Now that I’m done with school I want to go home
I don’t know why I bother even thinking about living anywhere other than the Pacific Northwest. I think I spend so much time achingly homesick that it effects the rest of my life.
Now that I’m done with school I want to go home.
The one thing I seem to be a wuss about is my deep affection, nay love for my homelands.
I feel like, a salmon hatched in Seattle who went out to sea to mature, and now it's time to return to my home river.
I went away to school because what I wanted to learn wasn't being taught at home, I feel like it's my duty to return home with my new stuff.
I have a sense of responsibility to the community that raised me, the community I helped to build, the people and places of the Northwest are part of me.
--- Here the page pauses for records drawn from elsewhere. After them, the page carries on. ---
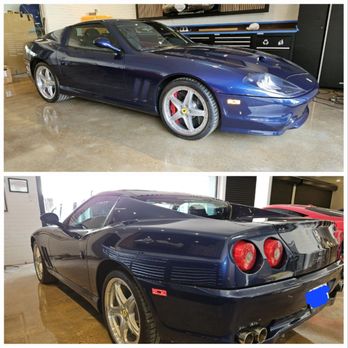 Next Level Window Tint - Ferrari Superamerica Ceramic Window Film Very High Heat blocking technology. - Car Window Tinting Near Me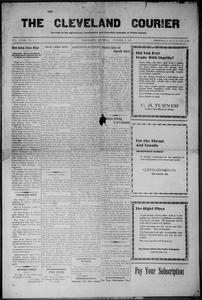 Cleveland courier, 1926 November 19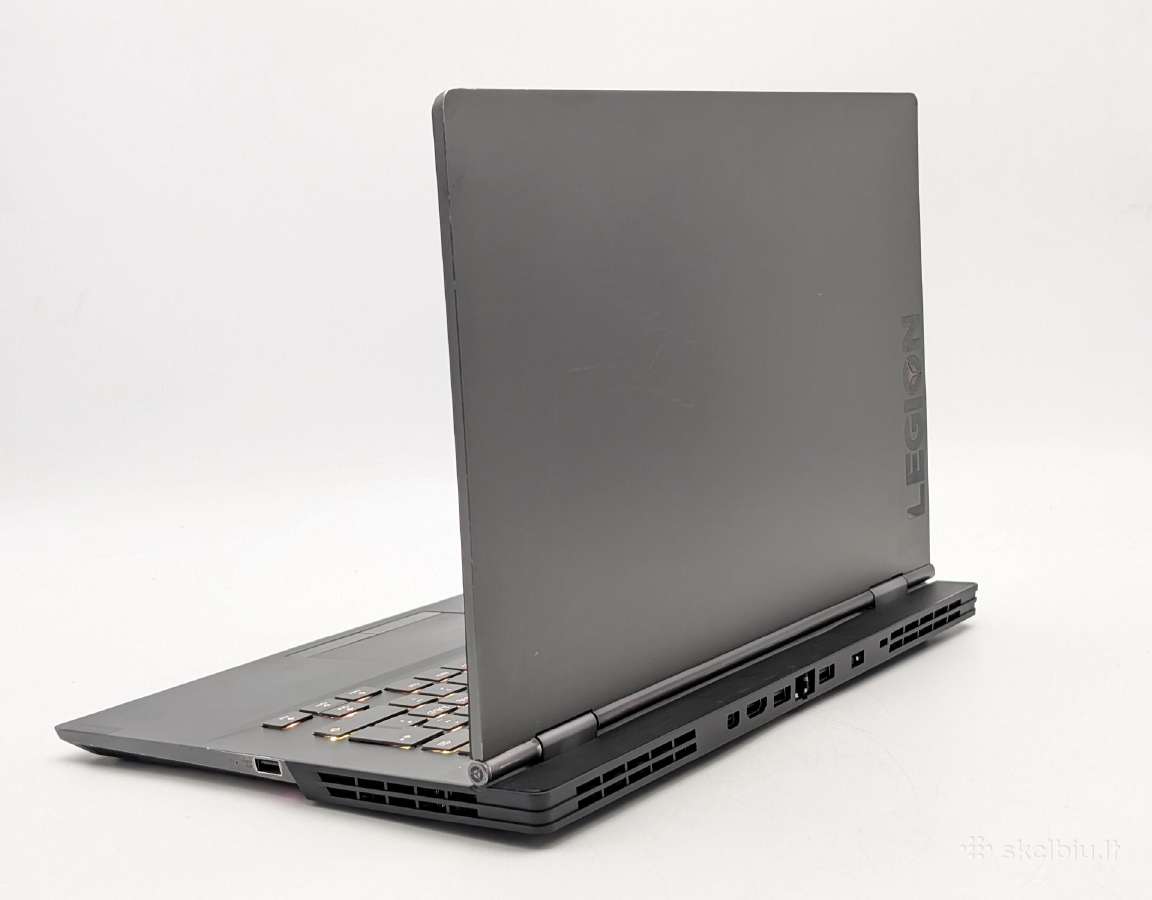 Lenovo Legion Y740 i7-9750h 512gb+1tb Rtx 2070 8g - nuotraukos Nr. 6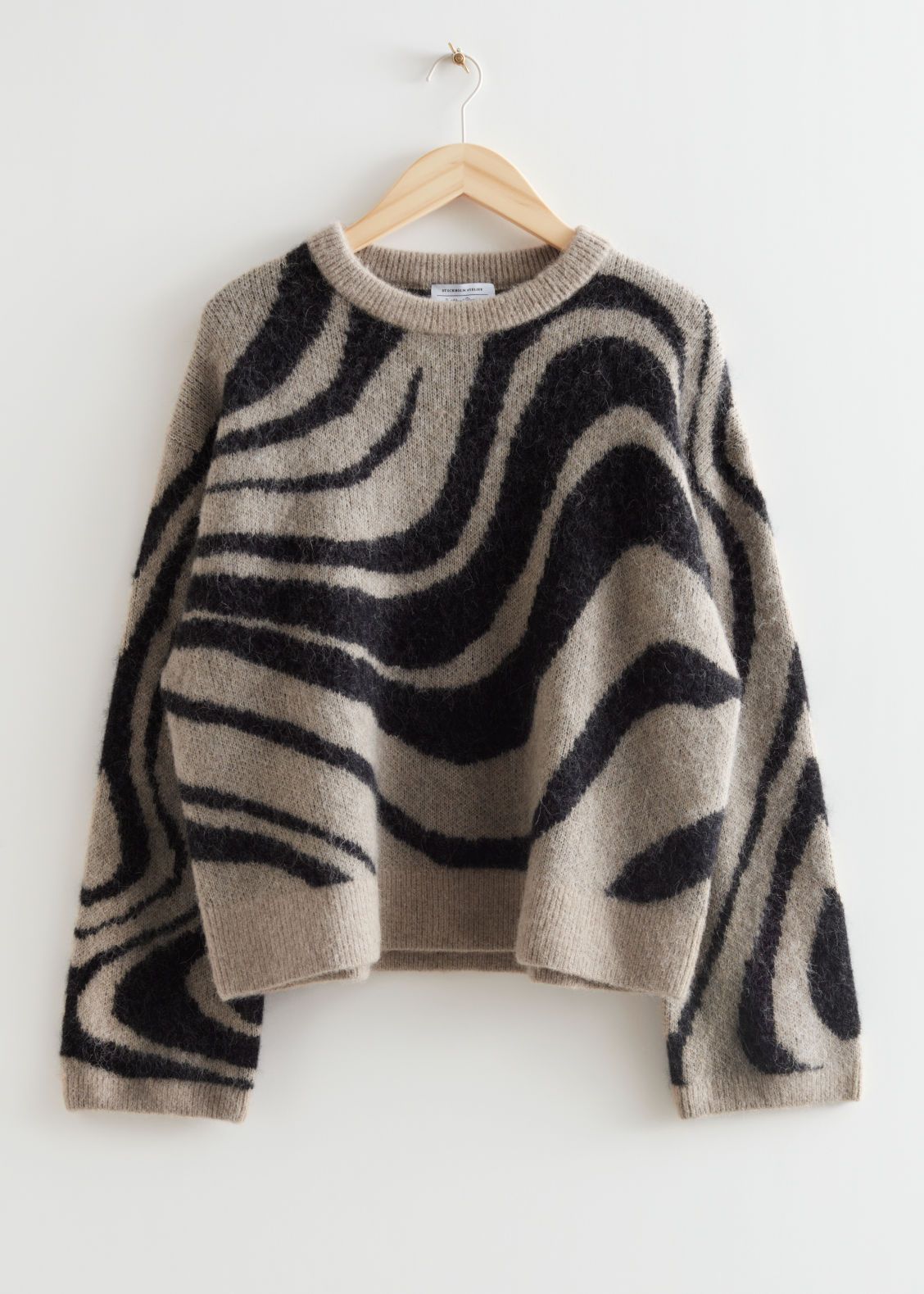 Jacquard Knit Sweater | & Other Stories US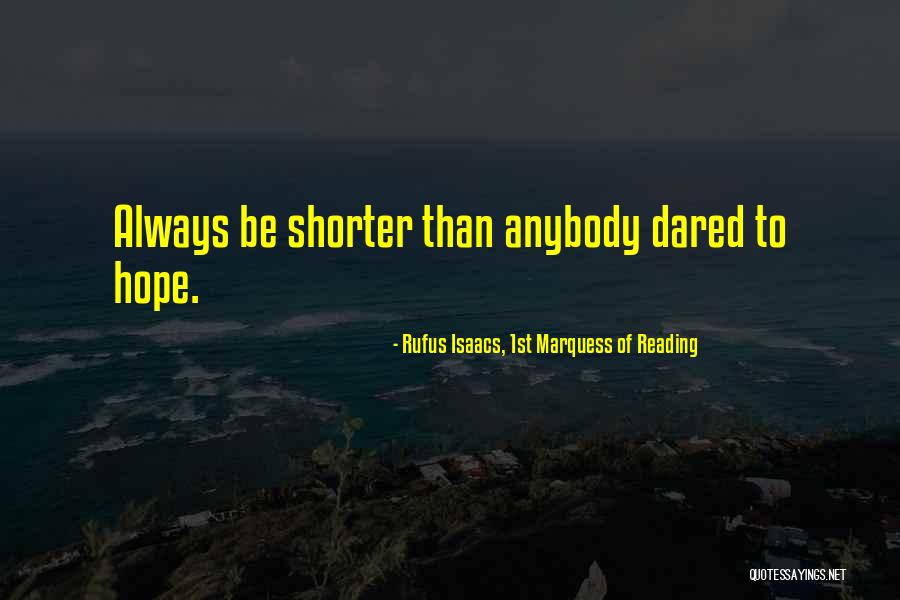 Walimai Quotes By Rufus Isaacs, 1st Marquess Of Reading Walimai Quotes By Rufus Isaacs, 1st Marquess Of Reading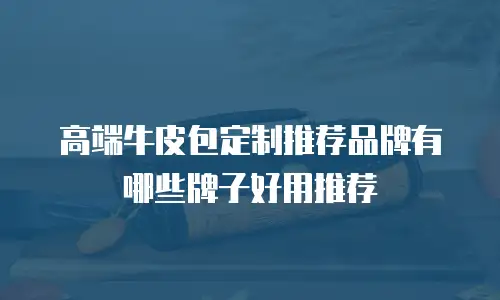 高端牛皮包定制推荐品牌有哪些牌子好用推荐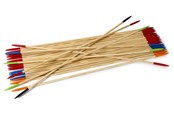 Gartenspiele - Giant Mikado Family Pine wood - 541-510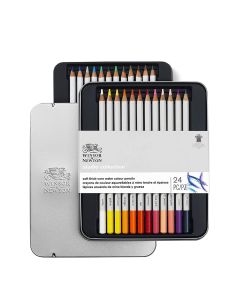 Winsor & Newton Studio Collection Watercolour Pencil Sets,24-Color Set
I think about living other places, I've tried living other places, I usually want to live someplace warmer but I always go home. I love home. I've always longed for a sense of ancestry, a sense of being locked to a place. I knew my family came west but I didn't really understand the story. In the time I've been in school I learned that my (dads) family is an original Oregon Trail family. My g-g-g-grandpa came from Ireland, kind of hated America as it was at the time, moved westerly a couple of times, participated in the Underground Railroad and finally left the US to the Oregon Country in 1845 (part of their party are the famed Meeks Cut Off folks), before the Civil War because he wasn't jiving with slavery. My family moved because they were abolitionists. Some folks settled in the Willamette Valley OR while others backtracked to what is now Eastern Washington. My (paternal) grandmother is from Nez Perce ID. My mom is from Montana, although her family moved west from the Mid West in her infancy, my (maternal-m) g-grandpa shipped from Liverpool, (maternal-p) g-grand cam from Scotland. The places they came from isn't as important is the final landing spots and the spirited drive to get there, that is what I'm drawn to.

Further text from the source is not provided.